What is Weight (Artificial Neural Network)?
Weight is the parameter within a neural network that transforms input data within the network's hidden layers. A neural network is a series of nodes, or neurons. Within each node is a set of inputs, weight, and a bias value. As an input enters the node, it gets multiplied by a weight value and the resulting output is either observed, or passed to the next layer in the neural network. Often the weights of a neural network are contained within the hidden layers of the network.
How does Weight work?
It is helpful to imagine a theoretical neural network to understand how weights work. Within a neural network there's an input layer, that takes the input signals and passes them to the next layer.

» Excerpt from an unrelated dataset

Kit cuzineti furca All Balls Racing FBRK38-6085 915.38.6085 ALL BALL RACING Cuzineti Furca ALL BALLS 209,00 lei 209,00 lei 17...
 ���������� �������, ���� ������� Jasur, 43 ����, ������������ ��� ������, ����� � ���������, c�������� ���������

Next, the neural network contains a series of hidden layers which apply transformations to the input data. It is within the nodes of the hidden layers that the weights are applied. For example, a single node may take the input data and multiply it by an assigned weight value, then add a bias before passing the data to the next layer. The final layer of the neural network is also known as the output layer. The output layer often tunes the inputs from the hidden layers to produces the desired numbers in a specified range.
Weight vs. Bias
Weights and bias are both learnable parameters inside the network. A teachable neural network will randomize both the weight and bias values before learning initially begins. As training continues, both parameters are adjusted toward the desired values and the correct output. The two parameters differ in the extent of their influence upon the input data. Simply, bias represents how far off the predictions are from their intended value. Biases make up the difference between the function's output and its intended output. A low bias suggest that the network is making more assumptions about the form of the output, whereas a high bias value makes less assumptions about the form of the output. Weights, on the other hand, can be thought of as the strength of the connection. Weight affects the amount of influence a change in the input will have upon the output. A low weight value will have no change on the input, and alternatively a larger weight value will more significantly change the output.